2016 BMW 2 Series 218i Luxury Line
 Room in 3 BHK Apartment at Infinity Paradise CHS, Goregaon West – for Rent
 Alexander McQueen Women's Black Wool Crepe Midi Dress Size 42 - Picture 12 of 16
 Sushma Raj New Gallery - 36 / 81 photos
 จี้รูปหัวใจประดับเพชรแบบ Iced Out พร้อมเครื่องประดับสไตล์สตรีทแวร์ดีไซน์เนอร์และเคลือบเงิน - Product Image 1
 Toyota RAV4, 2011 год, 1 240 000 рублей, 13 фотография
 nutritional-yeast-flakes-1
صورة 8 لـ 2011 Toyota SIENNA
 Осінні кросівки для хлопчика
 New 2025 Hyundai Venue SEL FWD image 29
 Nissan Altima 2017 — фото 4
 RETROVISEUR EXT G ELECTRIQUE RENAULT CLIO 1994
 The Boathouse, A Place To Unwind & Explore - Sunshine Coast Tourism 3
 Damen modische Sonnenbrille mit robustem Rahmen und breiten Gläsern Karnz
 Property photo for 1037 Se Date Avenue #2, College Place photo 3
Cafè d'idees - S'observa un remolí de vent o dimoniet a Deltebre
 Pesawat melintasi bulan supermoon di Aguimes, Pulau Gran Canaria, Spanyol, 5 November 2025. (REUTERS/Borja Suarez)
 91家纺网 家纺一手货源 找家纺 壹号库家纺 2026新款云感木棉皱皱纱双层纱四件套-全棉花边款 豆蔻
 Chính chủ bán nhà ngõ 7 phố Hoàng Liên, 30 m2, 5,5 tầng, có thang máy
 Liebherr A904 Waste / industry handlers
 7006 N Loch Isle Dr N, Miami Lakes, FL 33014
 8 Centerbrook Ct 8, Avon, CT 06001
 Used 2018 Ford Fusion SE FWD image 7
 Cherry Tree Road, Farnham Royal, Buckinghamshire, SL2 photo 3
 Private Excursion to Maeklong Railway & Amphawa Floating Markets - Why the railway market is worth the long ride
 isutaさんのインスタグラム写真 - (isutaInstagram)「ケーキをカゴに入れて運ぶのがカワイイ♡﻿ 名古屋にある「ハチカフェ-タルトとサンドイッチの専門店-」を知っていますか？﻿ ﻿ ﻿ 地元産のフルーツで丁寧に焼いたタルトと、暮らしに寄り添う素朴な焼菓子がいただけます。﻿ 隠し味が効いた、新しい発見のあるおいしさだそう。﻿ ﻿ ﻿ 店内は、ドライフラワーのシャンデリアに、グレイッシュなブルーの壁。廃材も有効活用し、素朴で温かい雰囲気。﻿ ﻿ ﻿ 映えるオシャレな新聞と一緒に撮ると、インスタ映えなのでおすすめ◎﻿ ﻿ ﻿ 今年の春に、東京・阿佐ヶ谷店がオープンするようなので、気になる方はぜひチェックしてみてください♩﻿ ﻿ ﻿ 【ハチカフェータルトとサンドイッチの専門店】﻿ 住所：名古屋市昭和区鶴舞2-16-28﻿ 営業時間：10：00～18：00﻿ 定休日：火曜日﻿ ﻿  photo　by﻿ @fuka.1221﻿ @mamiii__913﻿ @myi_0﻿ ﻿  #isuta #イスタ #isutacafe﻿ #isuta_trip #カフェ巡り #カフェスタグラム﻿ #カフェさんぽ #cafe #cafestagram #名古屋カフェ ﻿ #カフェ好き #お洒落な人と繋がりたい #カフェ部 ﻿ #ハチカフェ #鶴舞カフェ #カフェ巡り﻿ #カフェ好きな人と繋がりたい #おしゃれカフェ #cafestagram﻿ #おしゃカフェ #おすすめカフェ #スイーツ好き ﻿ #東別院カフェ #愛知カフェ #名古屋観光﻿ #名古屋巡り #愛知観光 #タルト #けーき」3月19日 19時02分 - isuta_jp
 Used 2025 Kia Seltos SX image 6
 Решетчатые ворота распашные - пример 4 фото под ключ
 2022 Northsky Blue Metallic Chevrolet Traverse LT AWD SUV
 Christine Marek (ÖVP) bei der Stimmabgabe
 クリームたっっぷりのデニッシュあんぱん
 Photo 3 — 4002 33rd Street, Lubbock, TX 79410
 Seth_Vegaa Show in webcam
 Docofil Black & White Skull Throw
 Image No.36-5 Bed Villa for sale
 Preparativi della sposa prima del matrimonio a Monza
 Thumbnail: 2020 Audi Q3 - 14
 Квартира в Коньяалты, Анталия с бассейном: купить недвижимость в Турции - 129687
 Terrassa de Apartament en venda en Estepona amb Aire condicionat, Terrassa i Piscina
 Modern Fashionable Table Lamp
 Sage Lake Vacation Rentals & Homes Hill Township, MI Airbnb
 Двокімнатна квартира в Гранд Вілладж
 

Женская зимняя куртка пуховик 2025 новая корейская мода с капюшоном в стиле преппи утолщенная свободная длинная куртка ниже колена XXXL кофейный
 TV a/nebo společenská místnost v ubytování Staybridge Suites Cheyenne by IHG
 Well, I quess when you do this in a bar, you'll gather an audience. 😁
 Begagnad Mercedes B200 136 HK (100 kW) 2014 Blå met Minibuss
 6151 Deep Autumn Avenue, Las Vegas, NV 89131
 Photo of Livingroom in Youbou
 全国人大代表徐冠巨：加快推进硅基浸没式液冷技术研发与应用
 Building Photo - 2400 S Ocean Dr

━━━━━━━━━━

[WORK INSTRUCTIONS]: For this exercise, output the entries above exactly as written.

[TASK RESULT]:
2016 BMW 2 Series 218i Luxury Line
 Room in 3 BHK Apartment at Infinity Paradise CHS, Goregaon West – for Rent
 Alexander McQueen Women's Black Wool Crepe Midi Dress Size 42 - Picture 12 of 16
 Sushma Raj New Gallery - 36 / 81 photos
 จี้รูปหัวใจประดับเพชรแบบ Iced Out พร้อมเครื่องประดับสไตล์สตรีทแวร์ดีไซน์เนอร์และเคลือบเงิน - Product Image 1
 Toyota RAV4, 2011 год, 1 240 000 рублей, 13 фотография
 nutritional-yeast-flakes-1
صورة 8 لـ 2011 Toyota SIENNA
 Осінні кросівки для хлопчика
 New 2025 Hyundai Venue SEL FWD image 29
 Nissan Altima 2017 — фото 4
 RETROVISEUR EXT G ELECTRIQUE RENAULT CLIO 1994
 The Boathouse, A Place To Unwind & Explore - Sunshine Coast Tourism 3
 Damen modische Sonnenbrille mit robustem Rahmen und breiten Gläsern Karnz
 Property photo for 1037 Se Date Avenue #2, College Place photo 3
Cafè d'idees - S'observa un remolí de vent o dimoniet a Deltebre
 Pesawat melintasi bulan supermoon di Aguimes, Pulau Gran Canaria, Spanyol, 5 November 2025. (REUTERS/Borja Suarez)
 91家纺网 家纺一手货源 找家纺 壹号库家纺 2026新款云感木棉皱皱纱双层纱四件套-全棉花边款 豆蔻
 Chính chủ bán nhà ngõ 7 phố Hoàng Liên, 30 m2, 5,5 tầng, có thang máy
 Liebherr A904 Waste / industry handlers
 7006 N Loch Isle Dr N, Miami Lakes, FL 33014
 8 Centerbrook Ct 8, Avon, CT 06001
 Used 2018 Ford Fusion SE FWD image 7
 Cherry Tree Road, Farnham Royal, Buckinghamshire, SL2 photo 3
 Private Excursion to Maeklong Railway & Amphawa Floating Markets - Why the railway market is worth the long ride
 isutaさんのインスタグラム写真 - (isutaInstagram)「ケーキをカゴに入れて運ぶのがカワイイ♡﻿ 名古屋にある「ハチカフェ-タルトとサンドイッチの専門店-」を知っていますか？﻿ ﻿ ﻿ 地元産のフルーツで丁寧に焼いたタルトと、暮らしに寄り添う素朴な焼菓子がいただけます。﻿ 隠し味が効いた、新しい発見のあるおいしさだそう。﻿ ﻿ ﻿ 店内は、ドライフラワーのシャンデリアに、グレイッシュなブルーの壁。廃材も有効活用し、素朴で温かい雰囲気。﻿ ﻿ ﻿ 映えるオシャレな新聞と一緒に撮ると、インスタ映えなのでおすすめ◎﻿ ﻿ ﻿ 今年の春に、東京・阿佐ヶ谷店がオープンするようなので、気になる方はぜひチェックしてみてください♩﻿ ﻿ ﻿ 【ハチカフェータルトとサンドイッチの専門店】﻿ 住所：名古屋市昭和区鶴舞2-16-28﻿ 営業時間：10：00～18：00﻿ 定休日：火曜日﻿ ﻿  photo　by﻿ @fuka.1221﻿ @mamiii__913﻿ @myi_0﻿ ﻿  #isuta #イスタ #isutacafe﻿ #isuta_trip #カフェ巡り #カフェスタグラム﻿ #カフェさんぽ #cafe #cafestagram #名古屋カフェ ﻿ #カフェ好き #お洒落な人と繋がりたい #カフェ部 ﻿ #ハチカフェ #鶴舞カフェ #カフェ巡り﻿ #カフェ好きな人と繋がりたい #おしゃれカフェ #cafestagram﻿ #おしゃカフェ #おすすめカフェ #スイーツ好き ﻿ #東別院カフェ #愛知カフェ #名古屋観光﻿ #名古屋巡り #愛知観光 #タルト #けーき」3月19日 19時02分 - isuta_jp
 Used 2025 Kia Seltos SX image 6
 Решетчатые ворота распашные - пример 4 фото под ключ
 2022 Northsky Blue Metallic Chevrolet Traverse LT AWD SUV
 Christine Marek (ÖVP) bei der Stimmabgabe
 クリームたっっぷりのデニッシュあんぱん
 Photo 3 — 4002 33rd Street, Lubbock, TX 79410
 Seth_Vegaa Show in webcam
 Docofil Black & White Skull Throw
 Image No.36-5 Bed Villa for sale
 Preparativi della sposa prima del matrimonio a Monza
 Thumbnail: 2020 Audi Q3 - 14
 Квартира в Коньяалты, Анталия с бассейном: купить недвижимость в Турции - 129687
 Terrassa de Apartament en venda en Estepona amb Aire condicionat, Terrassa i Piscina
 Modern Fashionable Table Lamp
 Sage Lake Vacation Rentals & Homes Hill Township, MI Airbnb
 Двокімнатна квартира в Гранд Вілладж
 

Женская зимняя куртка пуховик 2025 новая корейская мода с капюшоном в стиле преппи утолщенная свободная длинная куртка ниже колена XXXL кофейный
 TV a/nebo společenská místnost v ubytování Staybridge Suites Cheyenne by IHG
 Well, I quess when you do this in a bar, you'll gather an audience. 😁
 Begagnad Mercedes B200 136 HK (100 kW) 2014 Blå met Minibuss
 6151 Deep Autumn Avenue, Las Vegas, NV 89131
 Photo of Livingroom in Youbou
 全国人大代表徐冠巨：加快推进硅基浸没式液冷技术研发与应用
 Building Photo - 2400 S Ocean Dr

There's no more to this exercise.